I polinsaturi n-3 (capostipite l’acido alfa-linolenico) sono particolarmente rappresentati negli alimenti di origine marina, come il pesce e in alcuni vegetali; gli n-6 (capostipite l’acido linoleico) invece si trovano soprattutto negli oli vegetali e nella frutta secca. Gli acidi grassi appartenenti ad entrambe queste famiglie sono ‘essenziali’, l’organismo non è cioè in grado di produrli, per questo è necessario assumerli con gli alimenti.
E che sia fondamentale assumerli in abbondanti quantità con gli alimenti, lo dimostrano i risultati dello studio AGE-IM condotto presso le UTIC di Bologna, Cremona, Ancona, Napoli, Palermo. Lo studio ha valutato le concentrazioni ematiche di vari acidi grassi in un gruppo di un centinaio di soggetti colpiti da infarto e in un gruppo di controllo. Ne è risultato che i grassi saturi, derivanti da alimenti di origine animale, sono maggiormente rappresentati nel sangue dei soggetti colpiti da infarto, mentre i soggetti sani mostrano concentrazioni elevate di polinsaturi, sia omega-6 che omega-3. E non solo. I soggetti con i livelli più elevati di omega-6 e di omega-3 mostrano una drastica riduzione della probabilità di presentare un infarto (la riduzione del rischio è dell’85% per gli omega-6 e del 65% per gli omega-3) rispetto agli individui con le concentrazioni ematiche più basse degli stessi acidi grassi. Entrambe le classi di polinsaturi dunque esercitano un ruolo protettivo, e non solo gli omega-3.

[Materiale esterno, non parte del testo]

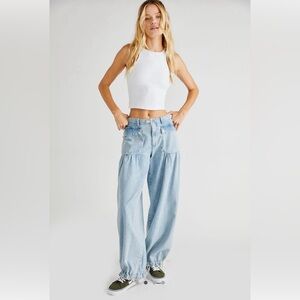 Free People We the Free Lotus Jeans 27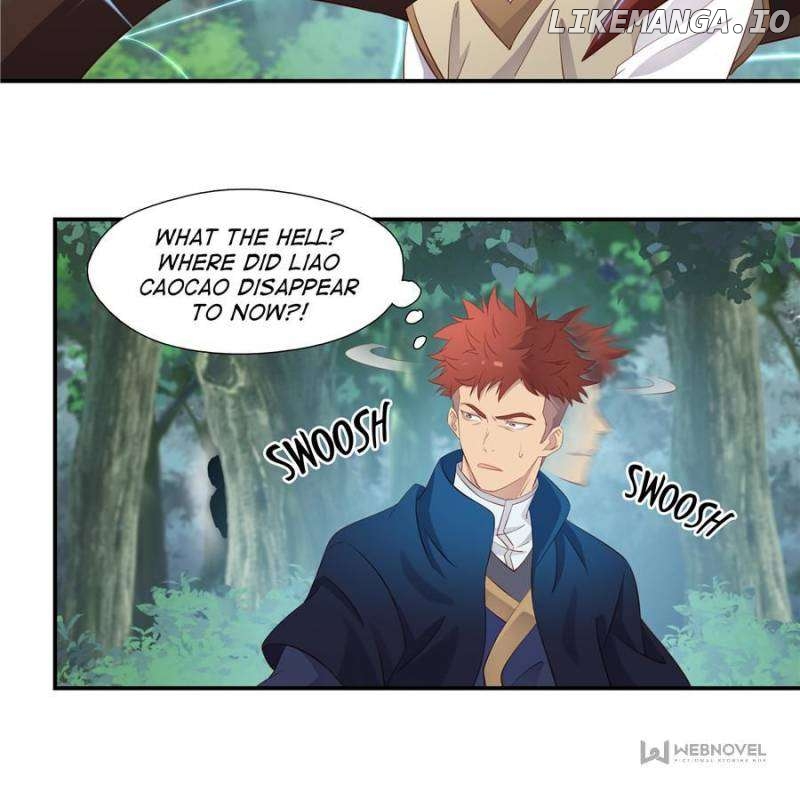My Master Knows Everything Chapter 30 - page 28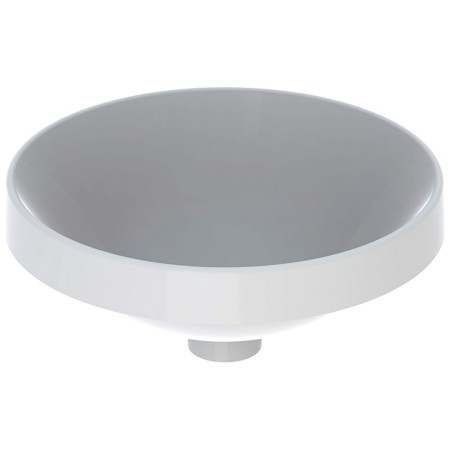Lavabo encastrable rond Geberit VariForm
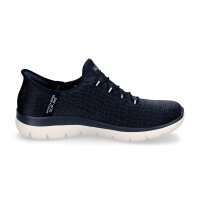 Skechers Damen Slip-in Sneaker Summits Classy Night navy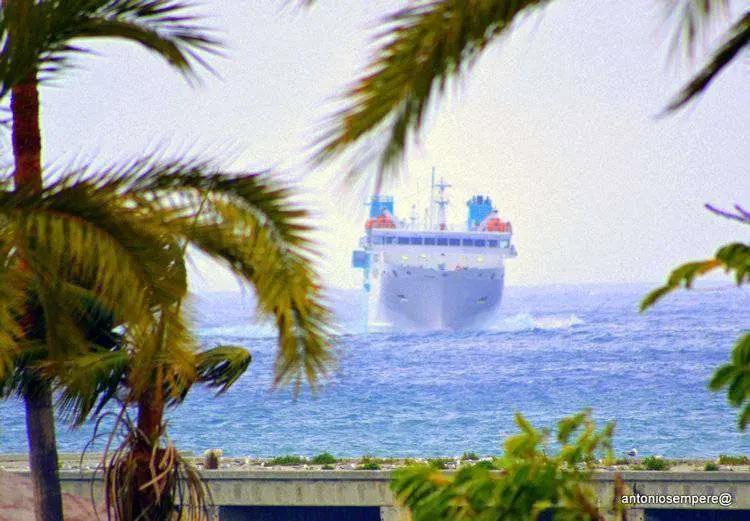 balearia barco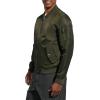 imageLevis Mens Flight Satin Unfilled Ma1 BomberOlive Ma1 Unfilled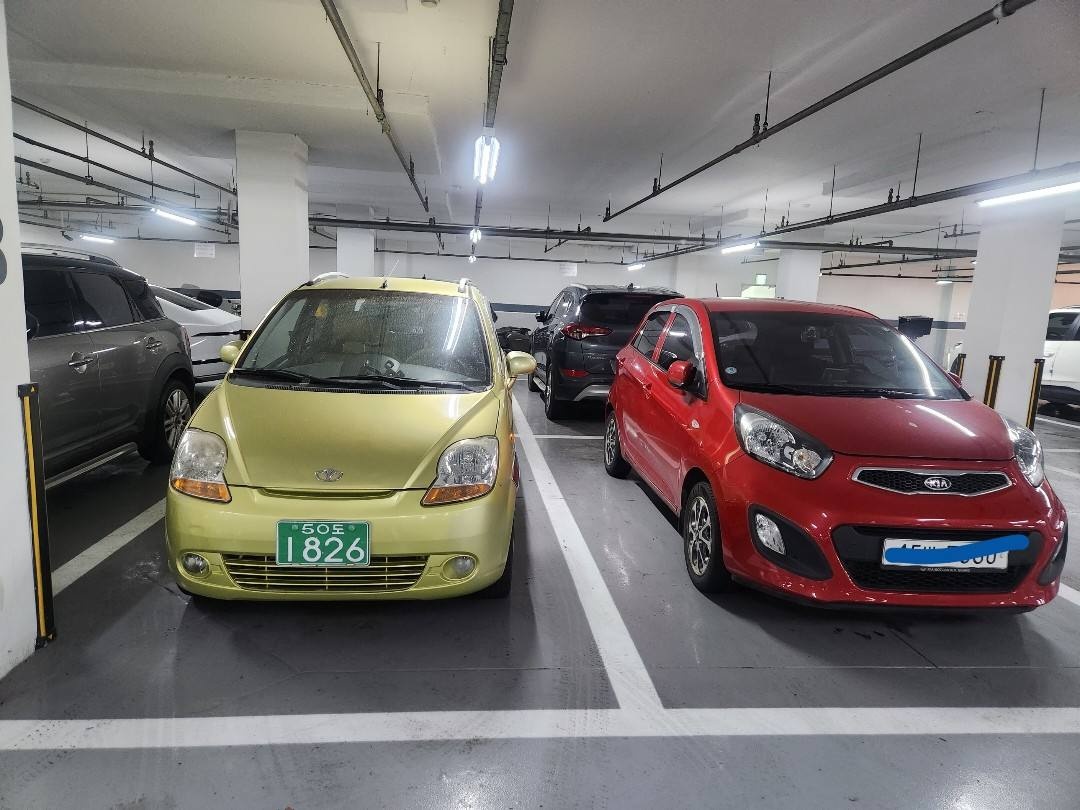 올 뉴 마티즈 M200 0.8s 시티 고급형 매물 썸네일
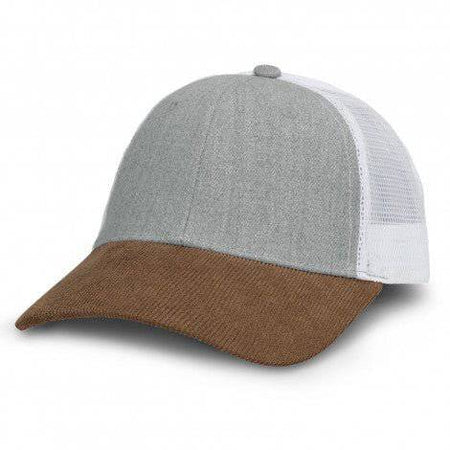 Galloway Corduroy Peak Cap - Simply Merchandise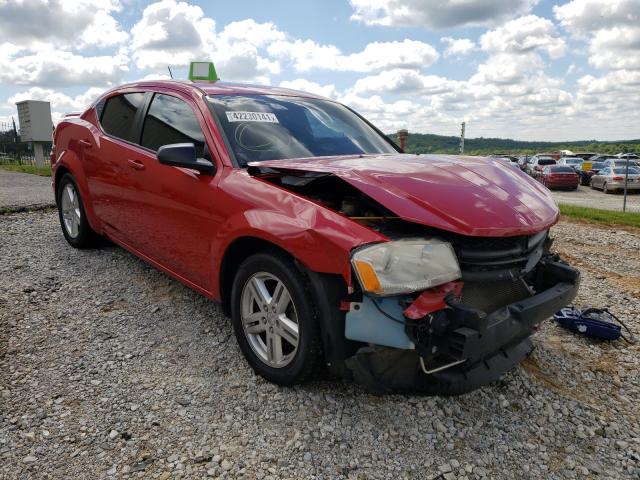 DODGE AVENGER SE 2014 1c3cdzag8en218493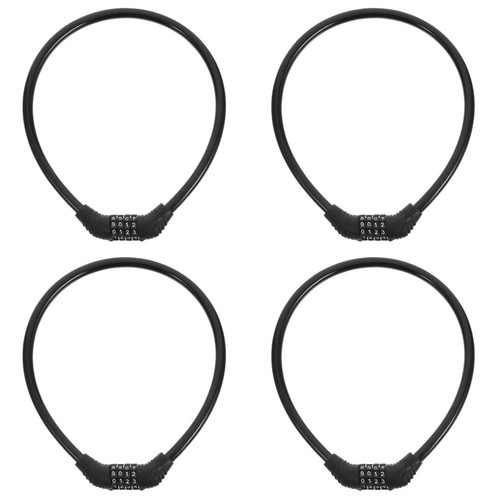 Versatile black bike - black,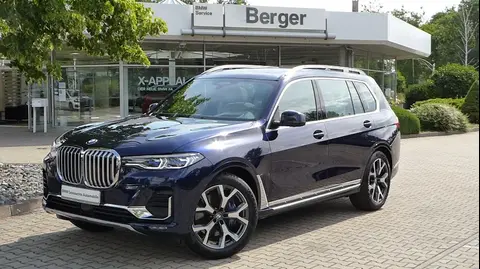 Annonce BMW X7 Essence 2020 d'occasion 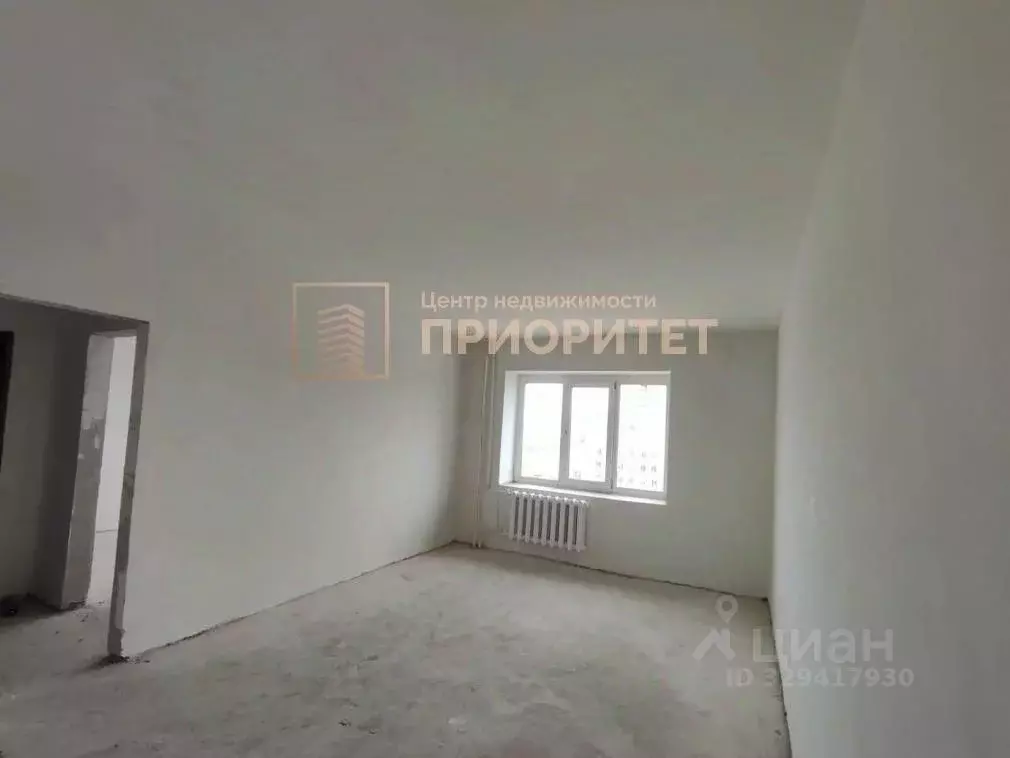 1-к кв. Саха (Якутия), Якутск просп. Ленина, 50/1 (40.3 м) - Фото 2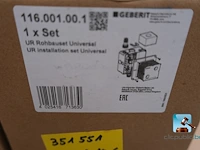 Ruim assortiment aan accessoires voor verwarming en sanitair - afbeelding 14 van  16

“Lo studio AGE-IM – spiega il prof. Andrea Poli, Direttore scientifico NFI – riconferma che sia gli omega-6, che gli omega-3 possano svolgere un ruolo importante nella prevenzione cardiovascolare e in particolare coronarica, anche in una popolazione come quella italiana, che presenta un rischio coronarico già contenuto. Evidenze sul ruolo protettivo di ambedue queste classi di acidi grassi sono presenti in quasi tutti i più importanti studi osservazionali (quali quelli condotti negli Stati Uniti o nel Nord Europa). Gli omega-6 riducono infatti significativamente il tasso di colesterolo LDL nel sangue (attraverso un meccanismo recentemente descritto, l'inibizione della PCSK9, una proteina che degrada il recettore per le LDL, aumentando così i livelli plasmatici di queste lipoproteine), mentre gli omega-3 posseggono un’azione antiinfiammatoria, antiaggregante e di stabilizzazione della placca aterosclerotica. Si tratta di meccanismi complementari, che possono potenziarsi uno con l’altro”.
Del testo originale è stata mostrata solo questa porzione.